Below is a table of the significant genes used:

Spot Number	miRNA name
1146	hsa_miR_122a
1122	hsa_miR_122a
993	hsa_miR_145
969	hsa_miR_145
75	hsa_miR_29b
51	hsa_miR_29b
523	ambi_miR_7510
499	ambi_miR_7510
197	hsa_miR_214
221	hsa_miR_214
1421	hsa_miR_422b
1397	hsa_miR_422b
1499	hsa_miR_1
1523	hsa_miR_1
695	(blank)
719	(blank)
1419	hsa_miR_133a
1395	hsa_miR_133a
1448	hsa_miR_422a
1472	hsa_miR_422a

Below are dendrograms from the clustering. Below each dendrogram is a brief explanation of both the distance method and clustering method used.

Clustering using Euclidean distance measurements and complete linkage (distance between clusters is defined by distance between farthest elements of each cluster).	Clustering using 1-correlation distance measurements and complete linkage.
Cluster using Euclidean distance method and average linkage method (distance between clusters is measured according to the averaged values of the cluster elements)	Clustering using 1-correlation distance method and average linkage method.

There are a few things to note from these diagrams. First, happily, all of the neighbors (1-2, 3-4, 5-6, etc.) represent the exact same miRNA, so it's a good thing that they are all clustering together first.

When we take a step back and look at the larger clusters (realizing that the pairwise ones can be considered one group), we see some similarities between all of the clustering techniques. The cluster (3-4-5-6-7-8-9-10) appears in all four trees as a highly isolated branch. In fact, this can be taken one step further to say that each tree divides into two main clusters - the one just described and then the left-overs.

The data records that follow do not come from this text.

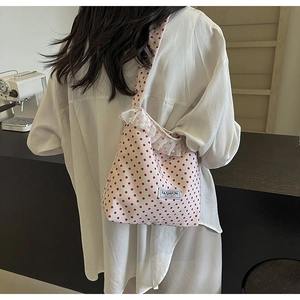 Detail of red polka dot fabric bag with delicate lace trim and pearl accents for women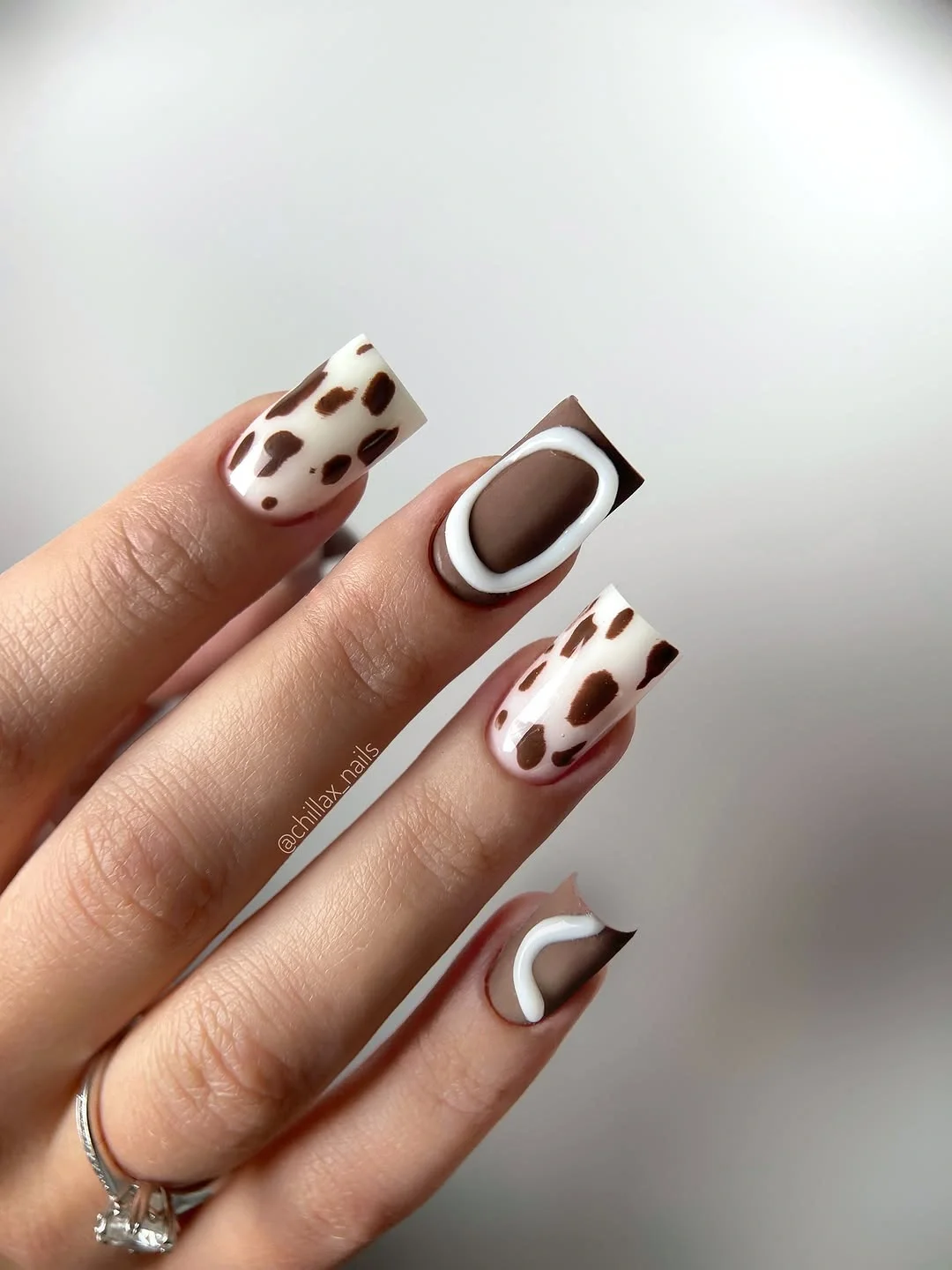 trendy nail colors for august 2026 Chocolate Cow Print Statement Nails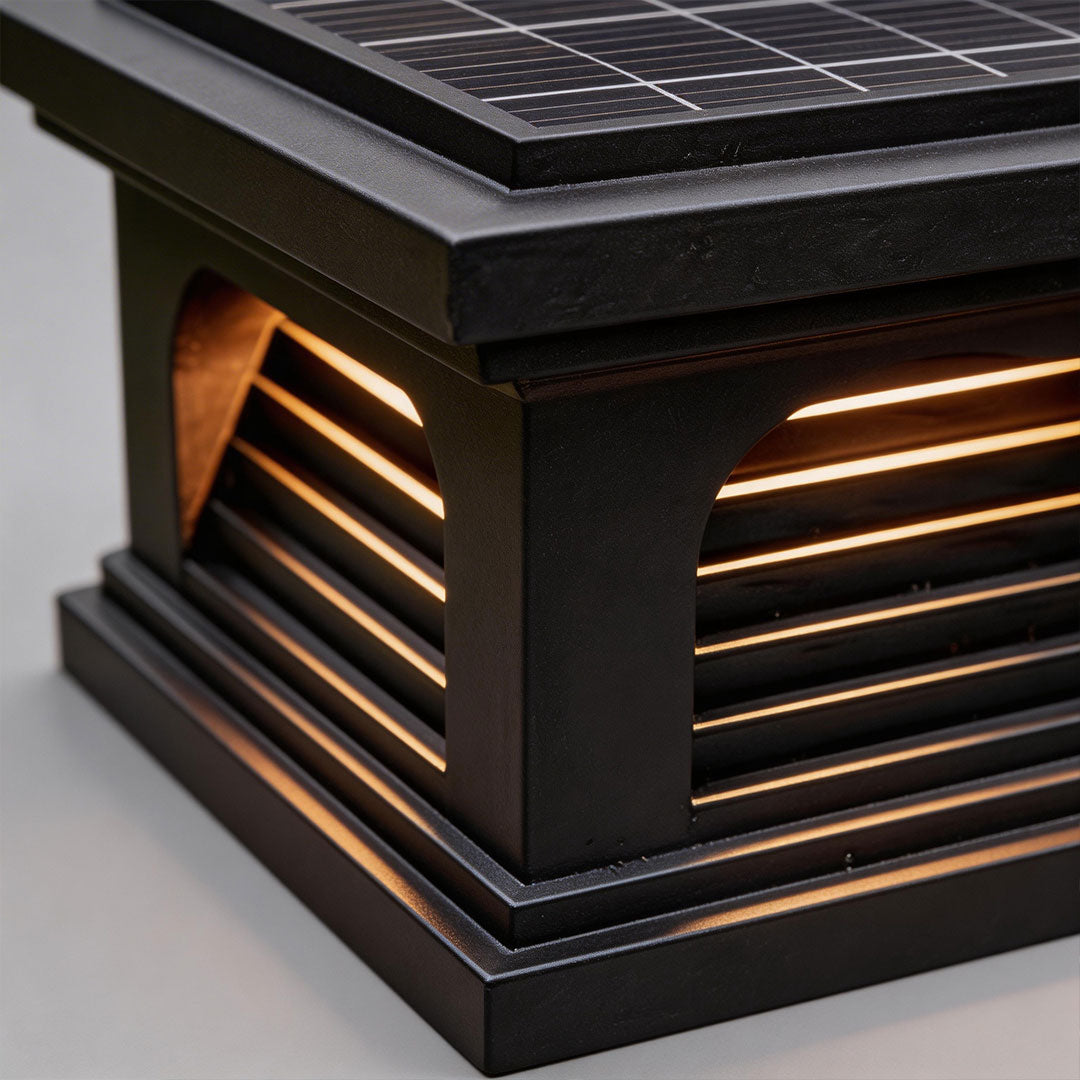 Close-up of a pillar light design outdoor with a black finish and illuminated slats.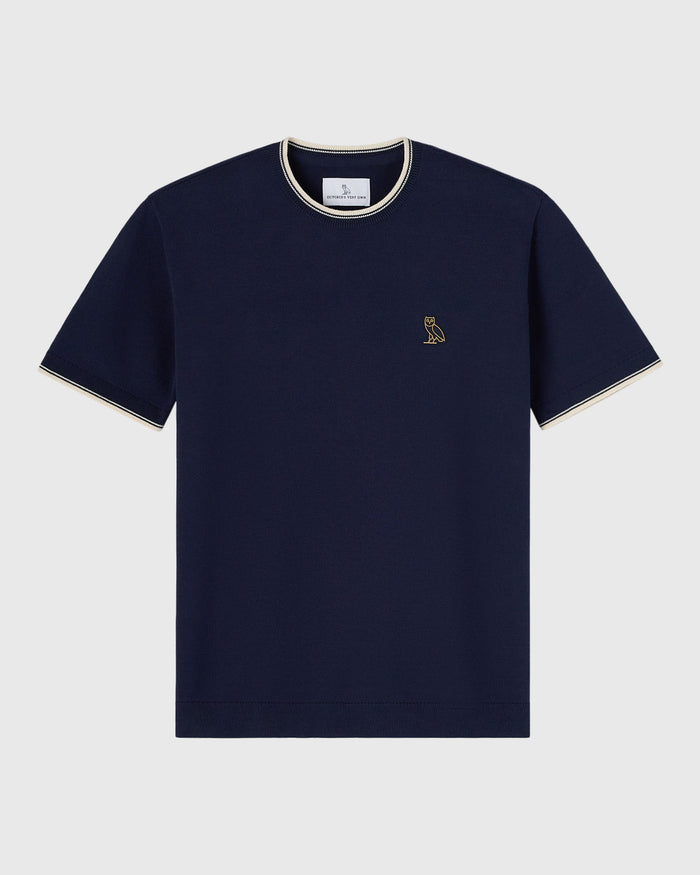 Navy short-sleeve sweater t-shirt with cream tipping on collar and cuffs, small owl emblem on chest.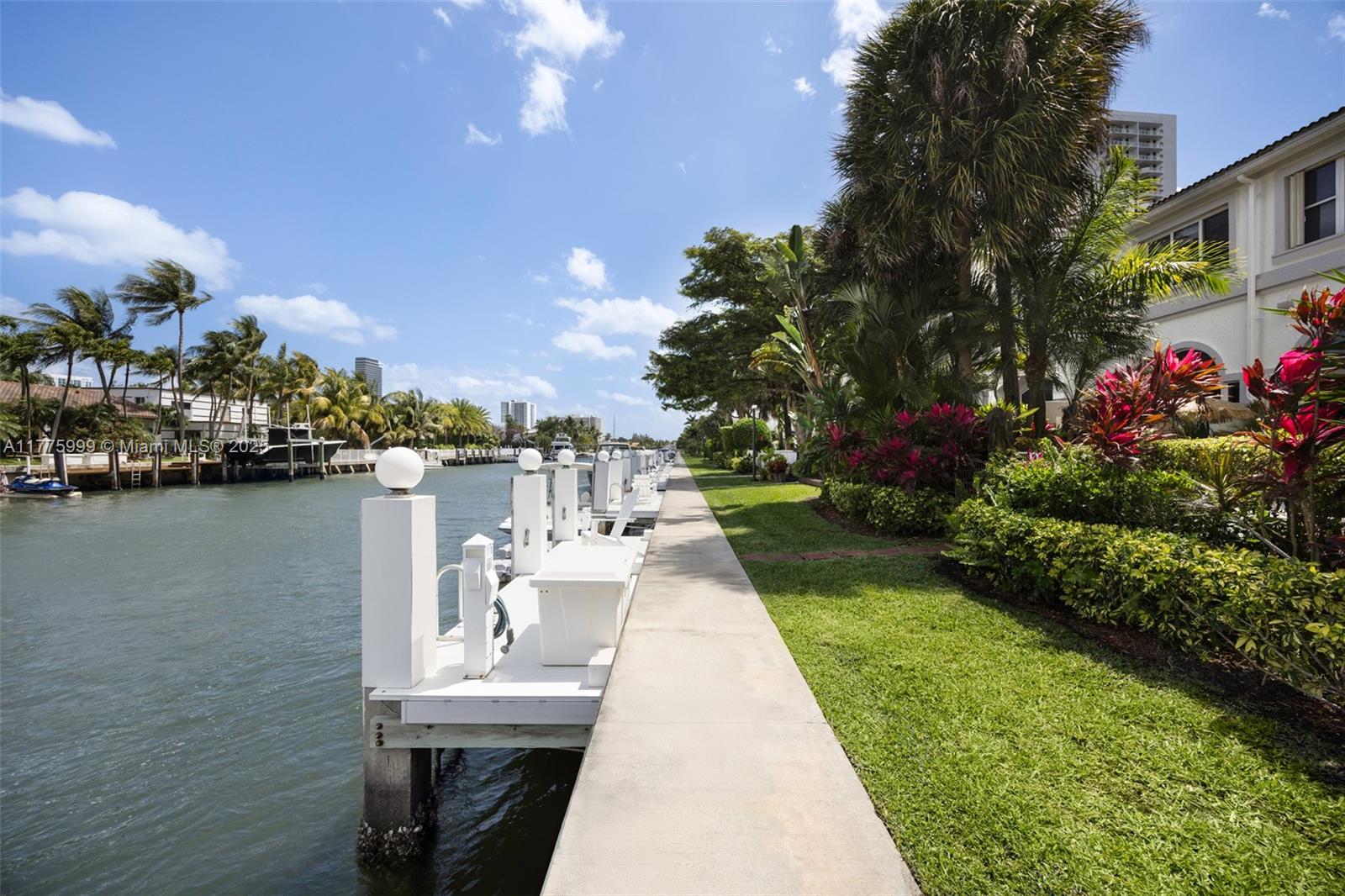 3707 Northeast 214th Street, Unit 14 Aventura, FL 33180 - Photo 34 of 47 a view of a lake with a bench under an umbrella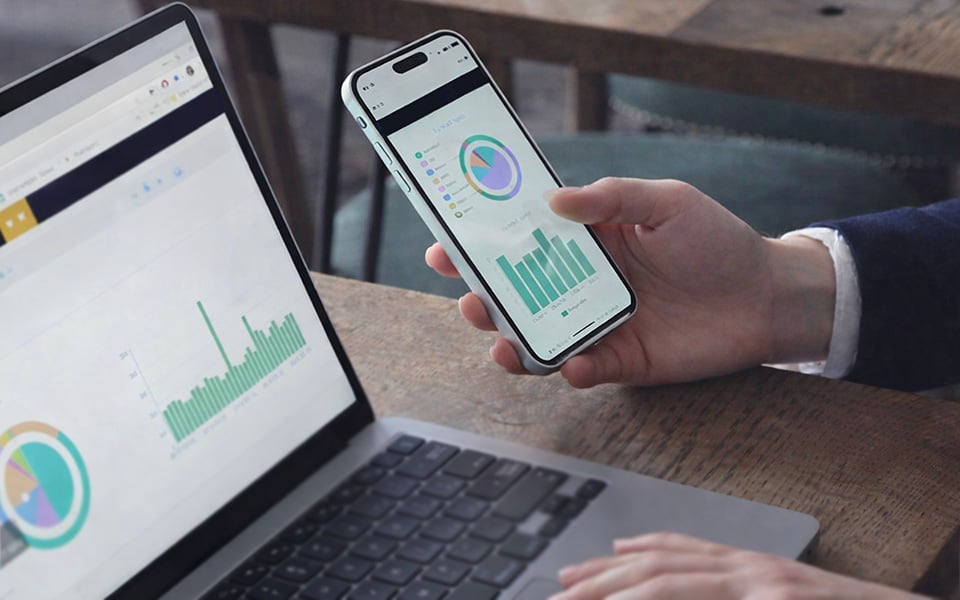 Restaurant owner analyzing sales data and performance insights on laptop and mobile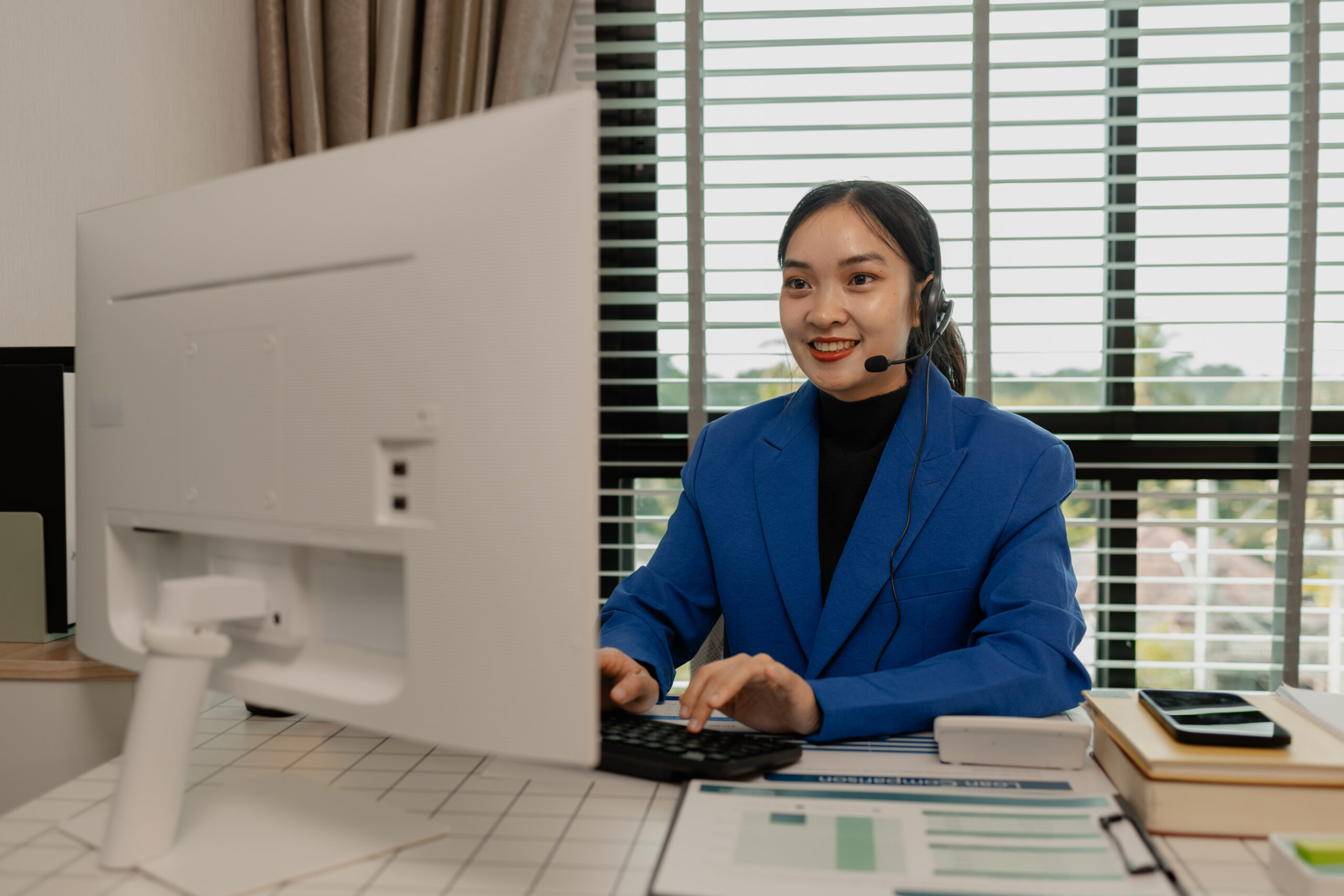 A woman in a blue blazer wearing a headset, smiling while typing on a keyboard in front of a desktop computer with a view of the outdoors.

When looking at smaller clusters, we see more similarities between all four trees. One obvious one is the cluster (13-14-17-18), which appears in all four trees as closely linked. Several times, there are clusters that contain the same elements but are just paired up in a different order, such as (3-4-5-6-7-8-9-10). Interestingly, in this case, (3-4) links first to (7-8) when using Euclidean distance, but when using 1-correlation distance, (3-4) links first to (5-6).

Comparing these results to the random miRNA results shows that these results are much more consistent across different distance and linkage methods. One might go so far as to say that one should use multiple clustering methods before determining that a cluster is significant. Because hierarchical clustering always results in a tree, it seems like a good way to check if your tree is significant is to calculate it multiple ways and see if it remains the same. In our case, anyway, we would quickly be able to determine which trees are from the random miRNAs and which are from the significant ones.